Pacemaker relies on the resource agent (systemd's openvpn service in
this case) to tell it whether the resource is running. If the agent
says yes when it's really no, Pacemaker can't do the right thing.

Why is ExecStart=/bin/true? That doesn't look right.

> Main PID: 732 (code=exited, status=0/SUCCESS)
> 
> crm_mon (on CENTRAL1) Last updated: Fri Jun  5 16:02:39 2015 Stack:
> corosync Current DC: CENTRAL2 (version 1.1.12-a4478bd) - partition
> with quorum 2 nodes and 3 resources configured
> 
> Online: [ CENTRAL1 CENTRAL2 ]
> 
> VIP1    (ocf::heartbeat:IPaddr):        Started CENTRAL2 Clone Set:
> openvpn-clone [openvpn] Started: [ CENTRAL1 CENTRAL2 ]
> 
> 
> Here openvpn process does not run on CENTRAL1
> 
> systemctl list-units (on CENTRAL1) openvpn.service       loaded
> active exited    OpenVPN service
> 
> 
> Here is my cluster configuration : root at CENTRAL1:~# crm configure
> show node 167772161: CENTRAL1 node 167772162: CENTRAL2 primitive
> VIP1 IPaddr \ params ip=192.168.1.200 cidr_netmask=32
> nic="eth0:vip" \ op monitor interval=10s timeout=20s primitive
> openvpn service:openvpn \ op monitor interval=1s

A monitor interval of 1s is probably too small.
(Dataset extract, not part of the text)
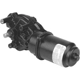 Purchase Top-Quality Remanufactured Wiper Motor by CARDONE INDUSTRIES - 43-4013 pa4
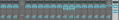shot02.png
The cluster has to
fork a subprocess, call systemctl status, and wait for it to return
(possibly as long as the configured timeout, which is left to default
above). Figure out what's a realistic time for determining that the
VPN is not working (will the command return immediately, or hang for a
while?) and set the interval and timeout a bit longer than that.

> clone openvpn-clone openvpn \ meta target-role=Started colocation
> OVPN-VIP inf: ( openvpn-clone VIP1 ) property
> cib-bootstrap-options: \ have-watchdog=false \ 
> dc-version=1.1.12-a4478bd \ cluster-infrastructure=corosync \ 
> stonith-enabled=false \ no-quorum-policy=ignore
> 
> If anyone has a solution. If you need more details or if my problem
> is not clear (or my english) I can explain again :)
> 
> Thanks for your help.